Benjamints
Benjamints

Reputation: 849

Find the last occurence of a string being a certain length

I know there is a method to find the largest string in an array

def longest_word(string_of_words)
  x = string_of_words.split(" ").max_by(&:length)
end

However, if there are multiple words with the longest length, how do i return the last instance of the word with the longest length? Is there a method and do I use indexing?

Benjamin

Upvotes: 1

Views: 112

Answers (6)

Sagar Pandya
Sagar Pandya

Reputation: 9497

You can use inject which will replace the maximum only if (via <=) it's matched or improved upon. By default inject takes the first element of its receiver.

str.split.inject { |m,s| m.size <= s.size ?  s : m }

Upvotes: 1

Ursus
Ursus

Reputation: 30056

What if we took advantage of reverse?

"asd qweewe lol qwerty df qwsazx".split.reverse_each.max_by(&:length)
=> "qwsazx"

Upvotes: 3

Cary Swoveland
Cary Swoveland

Reputation: 110675

There's no need to convert the string to an array.

def longest_word(str)
  str.gsub(/[[:alpha:]]+/).
      each_with_object('') {|s,longest| longest.replace(s) if s.size >= longest.size}
end

longest_word "Many dogs love to swim in the sea"
  #=> "swim"

Two points.

  • I've used String#gsub to create an enumerator that will feed words to Enumerable.#each_with_object. The string argument is not modified. This is an usual use of gsub that I've been able to use to advantage in several situations.
  • Within the block it's necessary to use longest.replace(s) rather than longest = s. That's because each_with_object returns the originally given object (usually modified by the block), but does not update that object on each iteration. longest = s merely returns s (is equivalent to just s) but does not alter the value of the block variable. By contrast, longest.replace(s) modifies the original object.

With regard to the second of these two points, it is interesting to contrast the use of each_with_object with Enumerable#reduce (aka inject).

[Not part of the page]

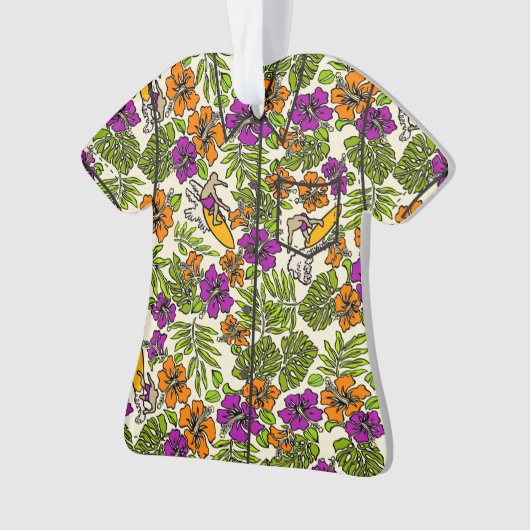 Surf Pareau Hawaiian Hibiscus Aloha Shirt Ornament (voorkant)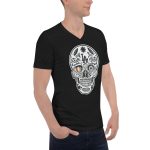 unisex short sleeve v neck t shirt la skull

  str.gsub(/[[:alpha:]]+/).
      reduce('') {|longest,s| s.size >= longest.size ? s : longest }
    #=> "swim"

Upvotes: 0

sawa
sawa

Reputation: 168091

max_by.with_index{|e, i| [e, i]}

Upvotes: 0

Gagan Gami
Gagan Gami

Reputation: 10251

can do this way also:

 > "asd qweewe lol qwerty df qwsazx".split.sort_by(&:length).last
 #=> "qwsazx"

Note: You can split words and sort by length in ascending(default) order and take the last word

Upvotes: 1

Eric Duminil
Eric Duminil

Reputation: 54223

Simply reverse your words array before applying max_by.

The first longest word from the reversed array will be the last one in your sentence.